THE NEA BRIDGE by Phillip Alder
BLACKWOOD IS NEEDED FOR THE TRUMP ACE
Henry Labouchere, an English member of Parliament who died in 1912, said, “I don’t object to Gladstone always having the ace of trumps up his sleeve, but merely to his belief that the Almighty put it there.”
This week, we are looking at slam bidding. Yesterday, I pointed out that there are deals in which Blackwood will not help. However, if you wish to find out if partner has the trump ace, you will need Blackwood.
In today’s deal, South opens one spade and North responds two no-trump, the Jacoby Forcing Raise, showing four or more spades and at least game-going values.
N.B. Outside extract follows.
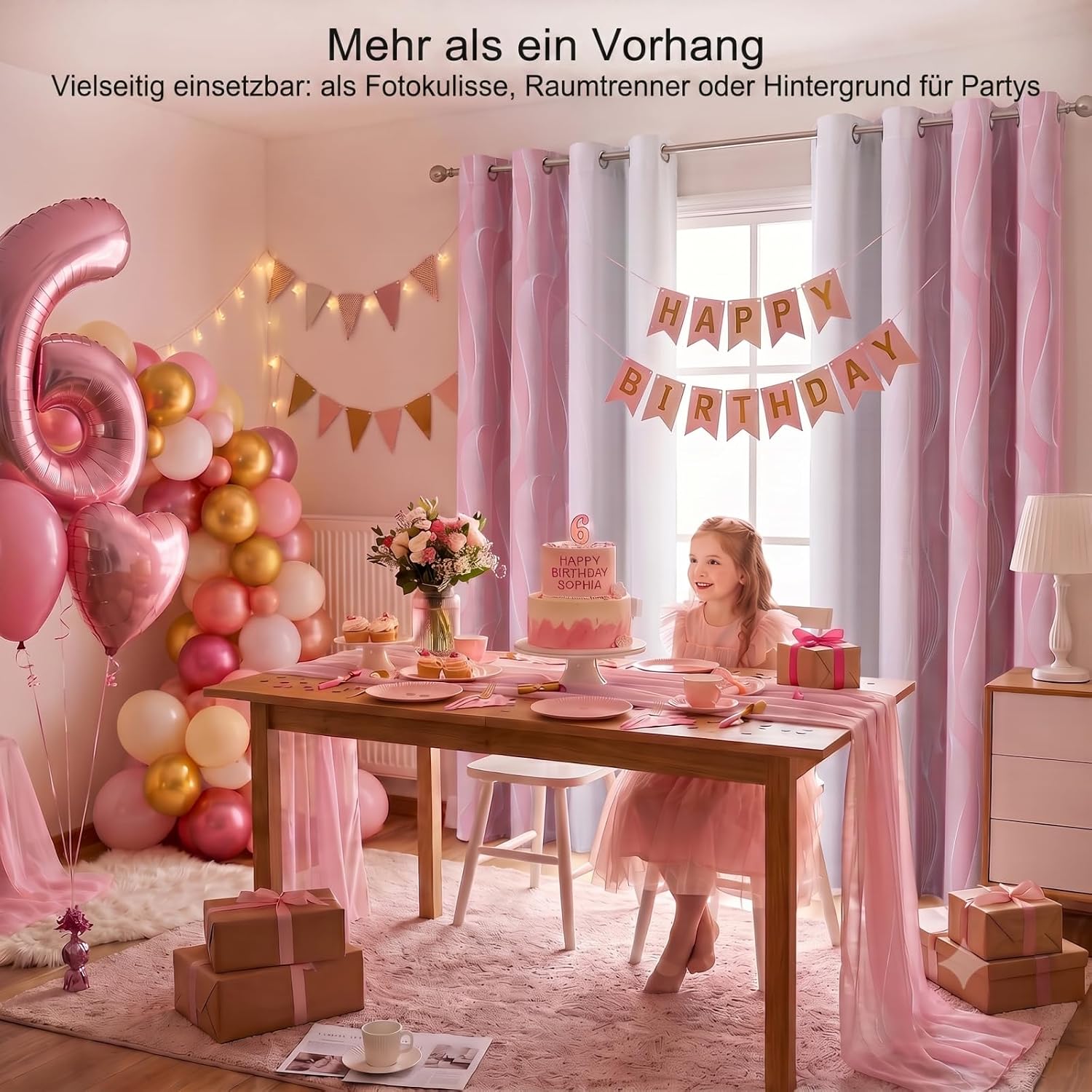 Thumbnail 6 de Gazal Vole roze-witte ombregordijnen 132 × 244 cm met ringen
First, South cannot use Blackwood, because he has two immediate diamond losers. And since South does not have a singleton, he announces his point-count. Four spades would be a minimum, three no-trump a middling hand, and three spades a maximum. (South has only high-card 16 points, but his hand contains so few losers.) Now North might raise to four spades because he has a minimum. But it is reasonable to control-bid (cue-bid) four diamonds. Then South employs Blackwood before signing off in six spades.
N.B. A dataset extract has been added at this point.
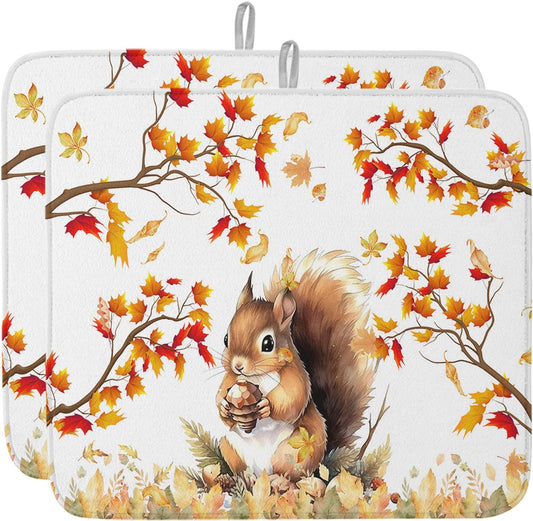 Fall Dish Drying Mat for Kitchen Counter Squirrel Drying Pad Absorbent Drying Mats for Countertops Sinks Draining Racks Pine Cone Autumn Maple Leaves Drainer Holiday Harvest Thanksgiving Decor 18x24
West leads the diamond king.
If declarer plays a trump at trick two, he will go down, the defenders getting the spade ace and diamond queen. South has to eliminate his diamond loser immediately. To do that, declarer has to take three heart tricks. He plays a heart to his ace, leads a heart to dummy’s jack, discards his last diamond on the heart king, plays a trump and claims.